The promise of Christmas

Today is the fourth day of Christmas—which means, as far as the Church calendar is concerned, the candles are still lit, the creche is still set up, and the celebration that we began on Wednesday night continues. Christmas won’t end until the wise men arrive on the Feast of the Epiphany on January 6.

There’s a wisdom in the ancient Church calendar, because it takes more than a day to even begin to grasp the mystery of Jesus’s Incarnation. We really need both Advent—a time of preparation—and Christmas—a time of celebration.

But, on the whole, the secular calendar has won this debate. Stores have already moved on to clearance sales and displays for Valentine’s Day. Some of you may have already taken down your tree. And even in the Church, we’re bound to the rhythms of the world outside our doors. The wreaths are still up, but the choir is taking a well-earned rest. The next holiday on most of our minds isn’t Epiphany, but New Year’s Eve.

New Year’s Eve. It’s a time to make resolutions. To get serious. To start fresh. To turn a corner. You’ve probably heard the slogan: “New year. New you.”—which seems to imply that the old you isn’t good enough.

New year’s resolutions are so enticing, aren’t they? We’re sure that this year we’ll manage to lose weight, and get our house in order, and pray every day, and go to the gym, and keep a journal, and read good books, and reconnect with our friends and family. 

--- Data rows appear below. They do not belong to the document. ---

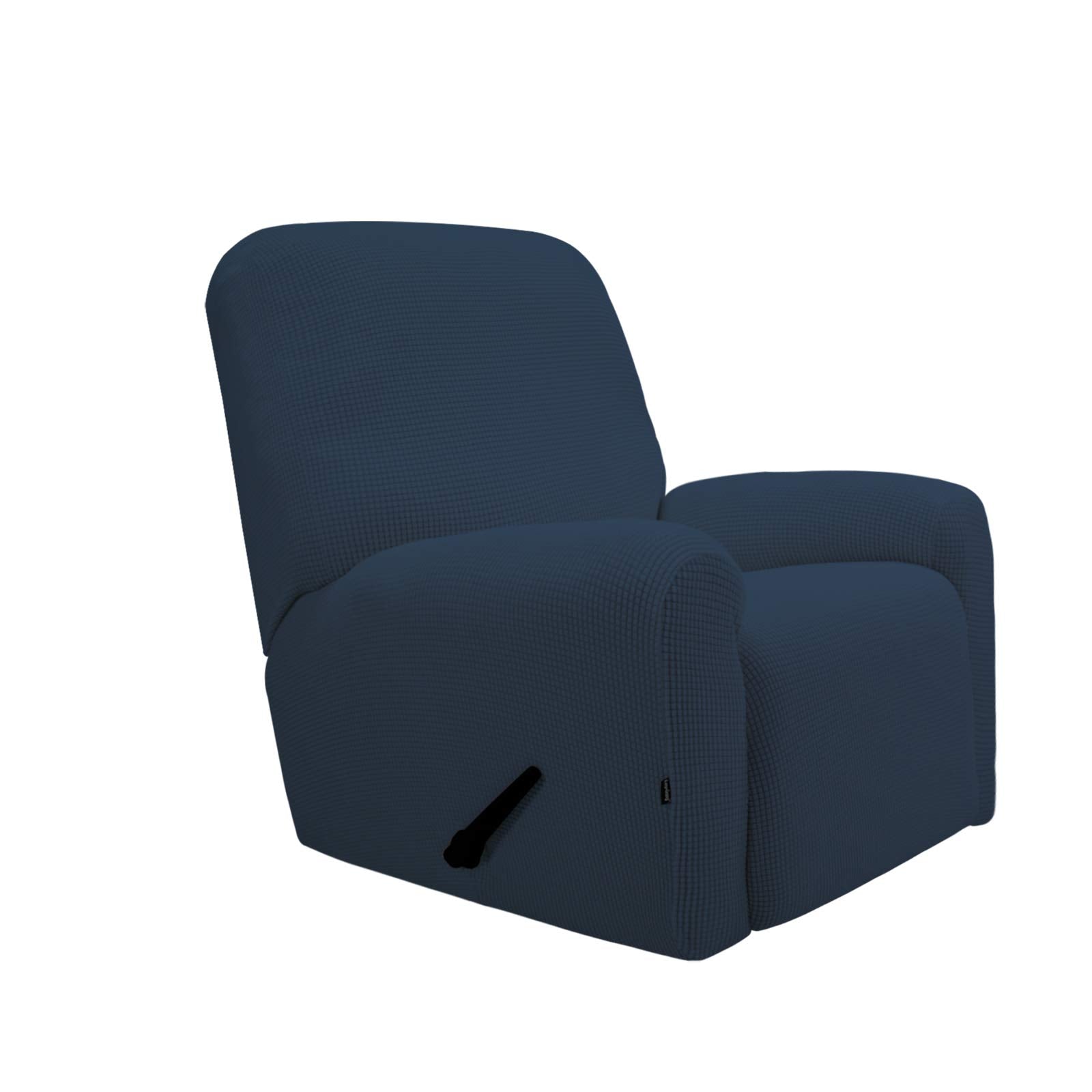 Purefit Stretch Recliner Sofa Slipcover With Pocket – Spandex Jacquard Non Slip Soft Couch Sofa Cover, Washable Furniture Protector With Elastic Bottom For Kids (Recliner, Dark Blue)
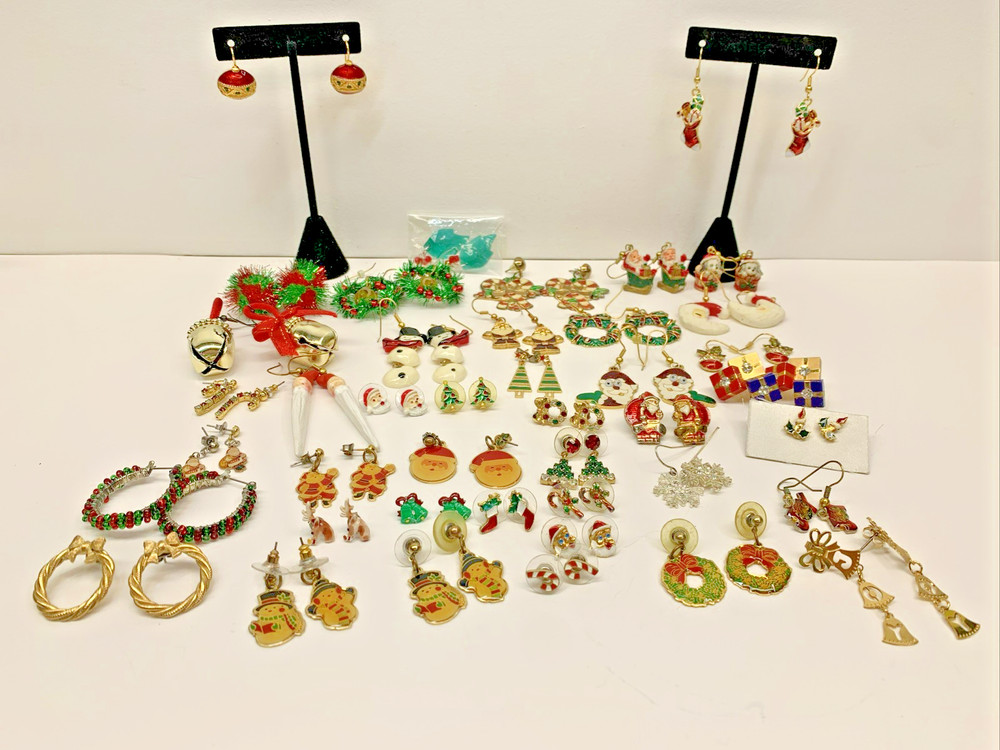 Vintage To Modern Lot of 40 Christmas Holiday Pierced Earrings Costume Jewelry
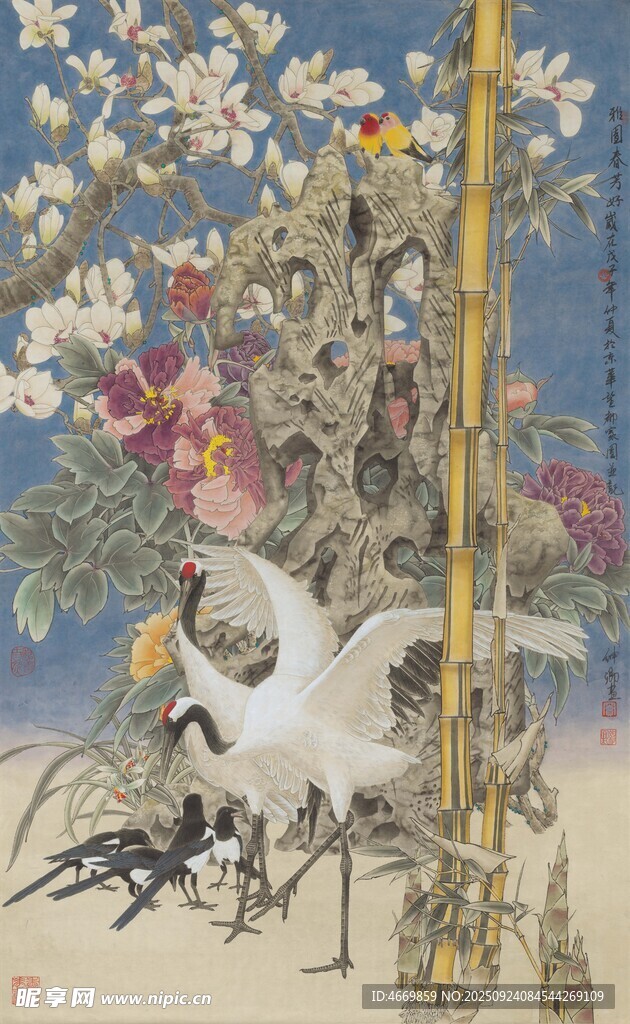 中式花鸟图中的优雅白鹤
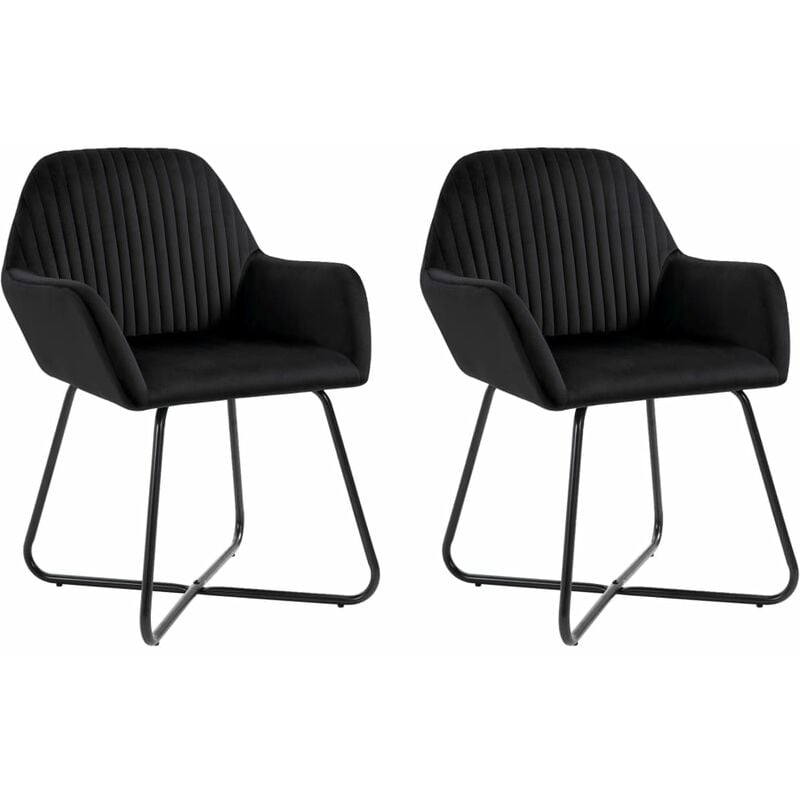 

vidaXL Sillas de Comedor de Terciopelo 2 Unidades Negro - Negro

We’re sure that this year we’ll finally get it all right. This year will be different. This year, we'll figure it out.

The desire to be healthier, wiser, and kinder isn’t bad. It’s human, and sometimes even holy. Where we go wrong is when we decide that the only way to be worthy of love, peace, or hope is to improve ourselves first.

That gets the promise of Christmas exactly backwards.

Today we hear the beautiful and challenging words from the Gospel of John: “In the beginning was the Word, and the Word was with God, and the Word was God… And the Word became flesh, and lived among us.” John’s Gospel includes no shepherds or wise men, no manger or star. But John tells the story of Christmas just as surely as Luke and Matthew do. “The Word became flesh, and lived among us.”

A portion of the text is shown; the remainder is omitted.